Rafael Reif is in the House

Rafael Reif is in the House

President L. Rafael Reif moved into Gray House on Saturday with his wife, Christine, continuing an MIT tradition and joining the more than 5000 students living on campus. Cradled in the L of Senior House, the president’s residence was part of architect William Welles Bosworth’s original design for MIT’s Cambridge campus and is nearly a century old.

Reif’s first night in the mansion came a full seven months after he took his current office. The delay was requested by MIT Facilities so they could complete overdue maintenance.

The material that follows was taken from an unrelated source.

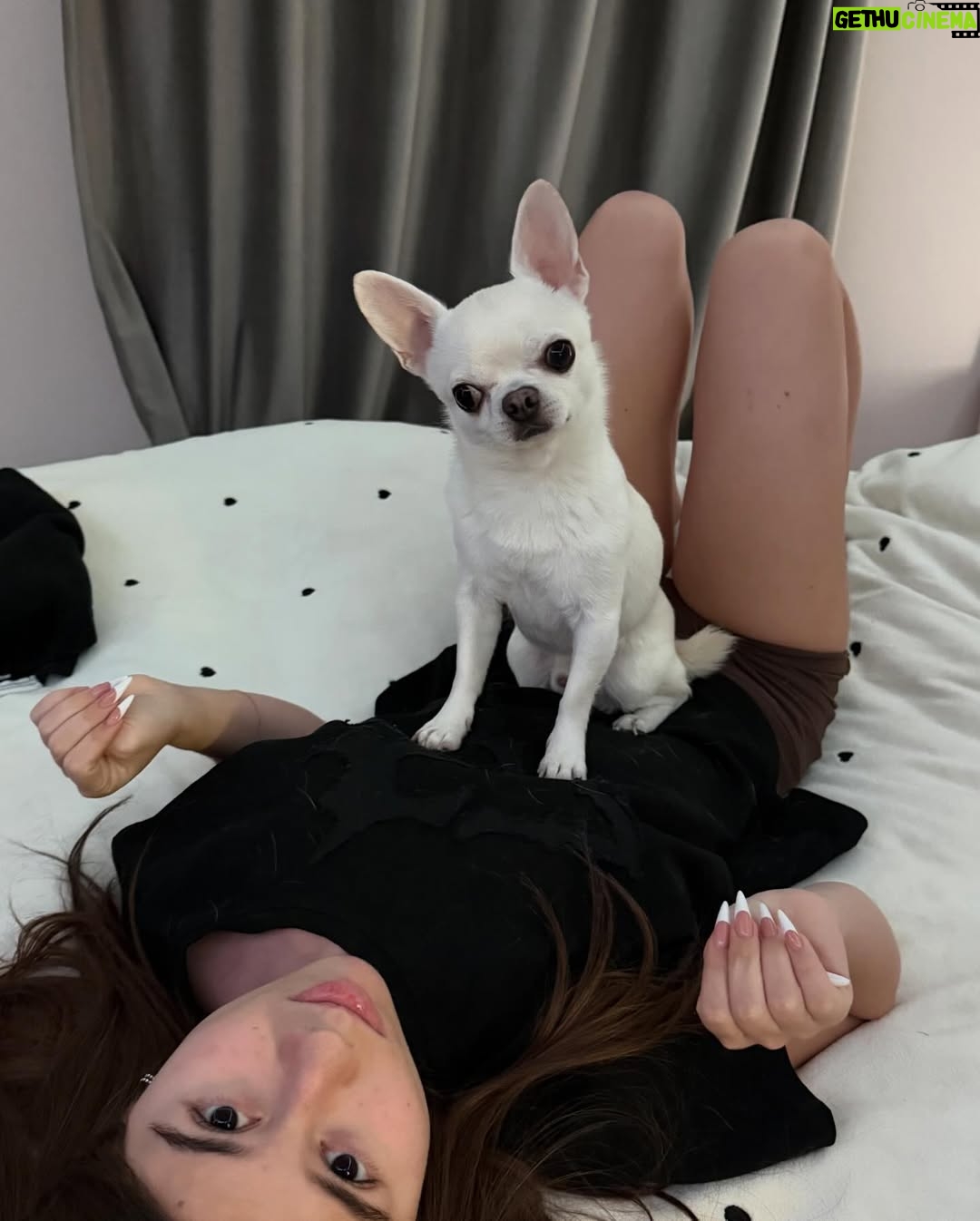 Milana Khametova - 56.3K Likes - сегодня отмечается день любви к своему домашнему питомцу!! поцелуйте своего пушистого друга от меня🤍🐶🐶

“There were issues with the electrical wiring, the plumbing, HVAC; the masonry was leaking; the facade, the doors, the windows were leaking,” Reif told The Tech. “The details I don’t know, but I do know that a lot of MIT buildings need repairs.”

The president was able to continue to commute from Newton, Mass. during the repairs, which could not have taken place if the house was occupied. “The previous two presidents came from the outside, so there was not much time to actually do the work,” he said.

Reif looks forward to living within the Institute. “The idea of being able to walk and show up unannounced and meet with students is more attractive than having to drive all the way home.”

He didn’t wait long to take advantage of the new proximity — Reif left for the men’s and women’s basketball games in Rockwell Cage on Saturday after just a few hours in his new home. “I asked my wife, ‘Is it okay if I just go to the game?’” he said. “I like the idea that I can just come and walk and watch. This is my way of celebrating I’m in Gray House.”

The Engineers stayed in the lead for most of both games, the women finishing 57-44 against Mount Holyoke, and the men 68-59 against Springfield.

The Gray House was built in 1917, and was originally called the President’s House. In 2002, it was renamed after the Institute’s 14th president, Paul E. Gray ’54.